Task details: If pictures are present, leave them out, and copy the data word for word.

*** Material provided ***

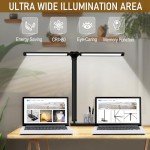 Dimmable LED Desk Lamp with USB Charging Port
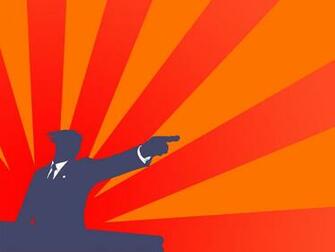Phoenix Wright Wallpaper By Mighty183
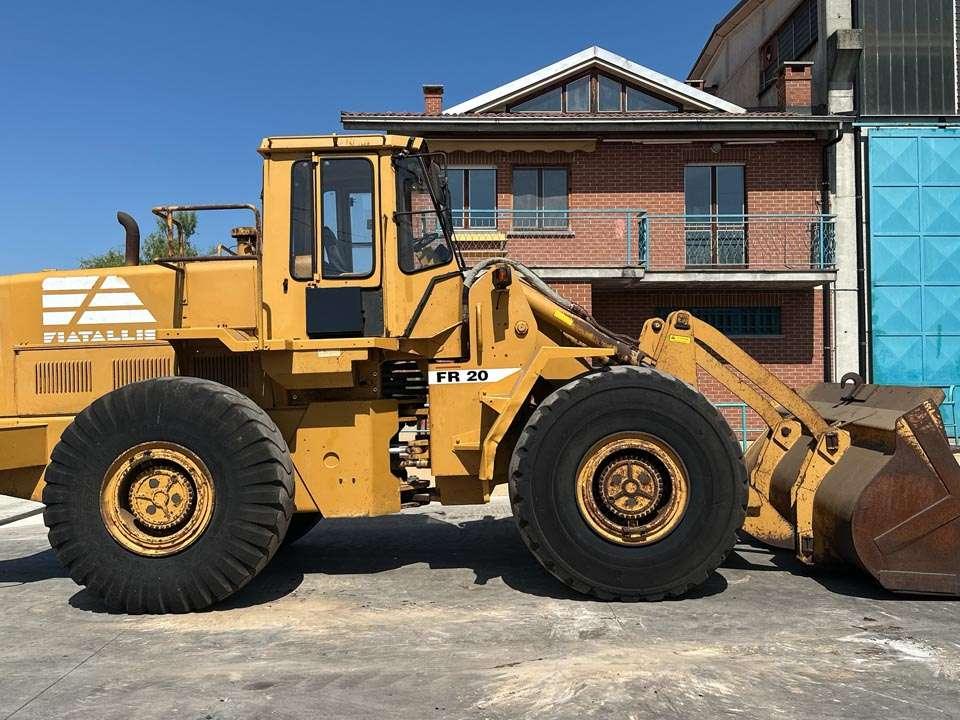 Fiat Allis FR 20 4X4 Foto 20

*** End of Material provided ***

Result:
 Dimmable LED Desk Lamp with USB Charging Port
Phoenix Wright Wallpaper By Mighty183
 Fiat Allis FR 20 4X4 Foto 20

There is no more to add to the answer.